Sunday, May 27, 2012

DRAMBUIE® Smoke-N-Milk

After winning his second Indy 500 race in 1933, Louis Meyer requested a glass of buttermilk. He requested another glass in 1936 after winning his third title, but instead received a bottle. With three fingers raised, he was captured by a photographer while drinking from that bottle, and the marketing opportunity wasn't lost on a local dairy executive. Unaware that Meyer was drinking buttermilk, the executive offered a bottle of milk to the winners of all future races, and milk has been presented at the conclusion of almost every Indy 500 since then. In honor of that tradition, here's my Drambuie-based homage to this classic racing libation.

-In a shaker tin half filled with ice, add:
   1 oz. DRAMBUIE®
   1/2 oz. Laphroaig Single Malt Scotch
-Shake until the tin is frosted, add:
   1 oz. Milk
-Swirl to chill thoroughly.
-Pour into a rocks glass, add:
   1 dash Fee Brothers Black Walnut Bitters
-Garnish with an orange twist.
-Serve with a cocktail stirrer.

Tuesday, May 22, 2012

Sobering Up

One of the rare well-framed questions on Quora.

Q: How long does it take to an average person to sober up completely after being drunk?  Let's suppose person A gets very drunk at 11 PM on a Monday.  By what hour on what day might we expect person A to finally become 100% sober?

A: The average person can metabolize about 1 standard drink per hour, which is a) a mixed drink containing 1.25 oz. of 80 proof liquor, b) a 12-oz. American pilsner beer containing about 5% alcohol by volume, c) a 5 oz. glass of wine, or d) one 1.25 oz. shot of 80 proof liquor.  To approximate how long it would take to sober up after drinking alcohol, you'd need to count the number of standard drinks you've consumed (adjusting for larger/stronger drinks) and wait that many hours.  There's no way to speed up the process (e.g., drinking coffee, taking a cold shower, eating, etc.) -- once you've ingested the alcohol, you just have to wait for your body to metabolize it.

Using the example above and assuming an average person weighs 150 lbs, they will reach a blood alcohol content of roughly 0.16% after about 7 standard drinks.  This is twice the legal limit to drive, which is a reasonable definition of "very drunk."  To sober up would therefore take 7 hours.  Tolerance (i.e., experience drinking) doesn't affect this at all, and again nothing can shorten the time it takes to metabolize the alcohol.

Friday, May 11, 2012

Alcohol in Bread

Great question from a journalist I've been working with:

Q: Anthony, I want to explain to readers that beer and bread have similar ingredients, but why you get a buzz from drinking beer and not from eating bread.

A: There are four ingredients in traditional beer: water, barley, yeast, and hops.

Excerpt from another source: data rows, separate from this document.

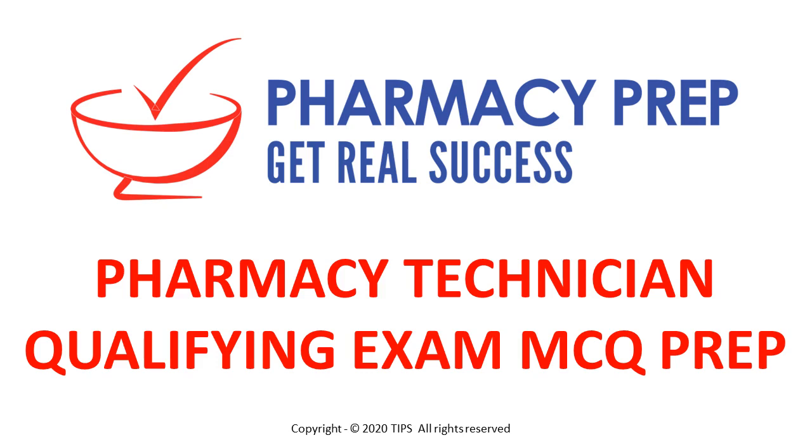Pharmacy Technician Qualifying Exam MCQ Prep. In the following presentation, we'll go over what's included in our Pharmacy Technician Qualifying Exam Prep courses.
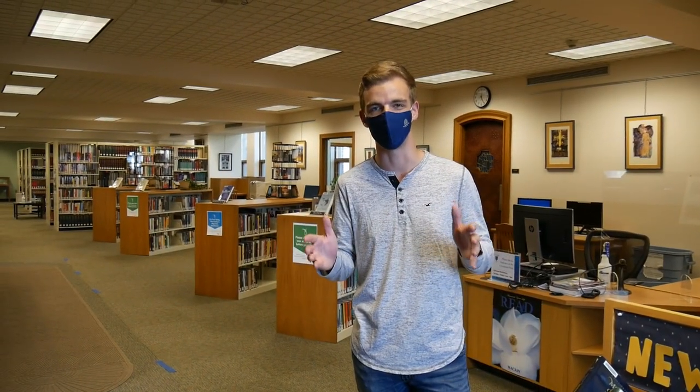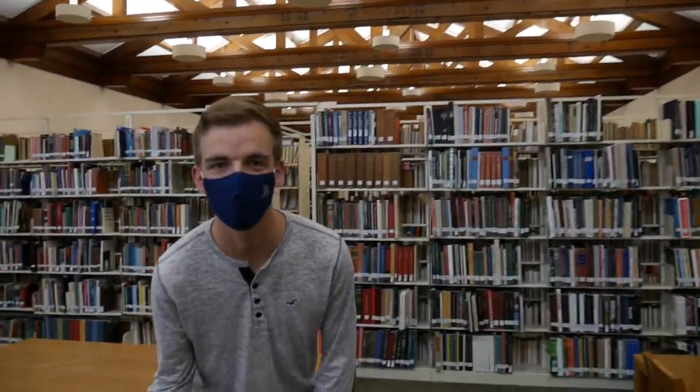Welcome to the library at CSS — three floors of books all available to you, games and board games available, and all sorts of equipment and resources here to meet your needs as a student. Welcome to the third floor of the CSS library. It's quite full here, creating a space for all students here on campus.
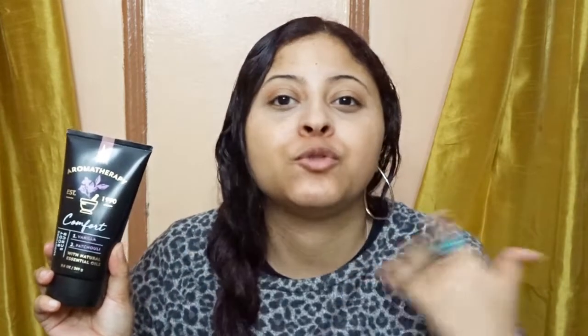I'm going to start with how I shower. The first product I'm going to mention is the Aromatherapy by Bath & Body Works — it's the Comfort Soothing Body Scrub with vanilla and patchouli with natural essential oils. I really love this body scrub so much. It smells so good. The exfoliant beads are great; it gets rid of all my dry skin on my arms, my thighs, and everything.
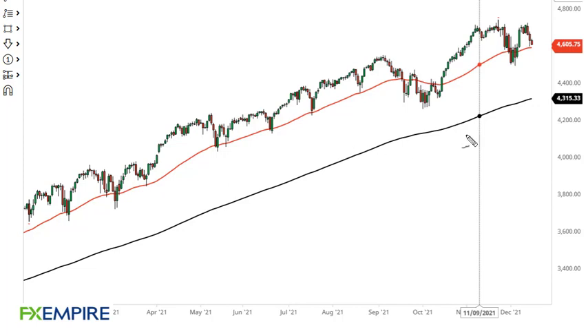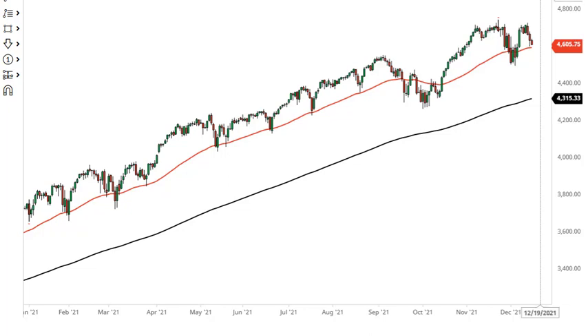From FX Empire, this is Chris taking a look at the S&P 500. As you can see, it looks like we are moving towards the 4600 level, an area where the 50-day EMA comes back into the picture.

Bread is made from the first three of these ingredients but doesn't have hops, which are added to beer as a preservative and bittering agent to balance the sweetness of the barley. Beer is often referred to as "liquid bread" because of this similarity in ingredients, and one of the theories on how we invented beer is that people were collecting barley to make bread and left it out in the rain, thus adding more water than you'd find in bread as well as yeast that floated into the mixture from the air.

Most people think yeast breaks the sugars in barley down into ethyl alcohol and carbon dioxide, but that's actually a secondary reaction. Initially, yeast breaks sugar down into pyruvate, which is composed of three carbon atoms. In the presence of air (as in bread) the yeast is then able to completely combine these carbon atoms with oxygen atoms and form CO2. Without air (like in the bottom of a barrel of fermenting beer) the yeast can't combine all of the carbon with oxygen, and so the pyruvate is converted into both ethanol and CO2. Thus beer ends up alcoholic and bubbly, while bread dough just ends up bubbly. Hope this helps!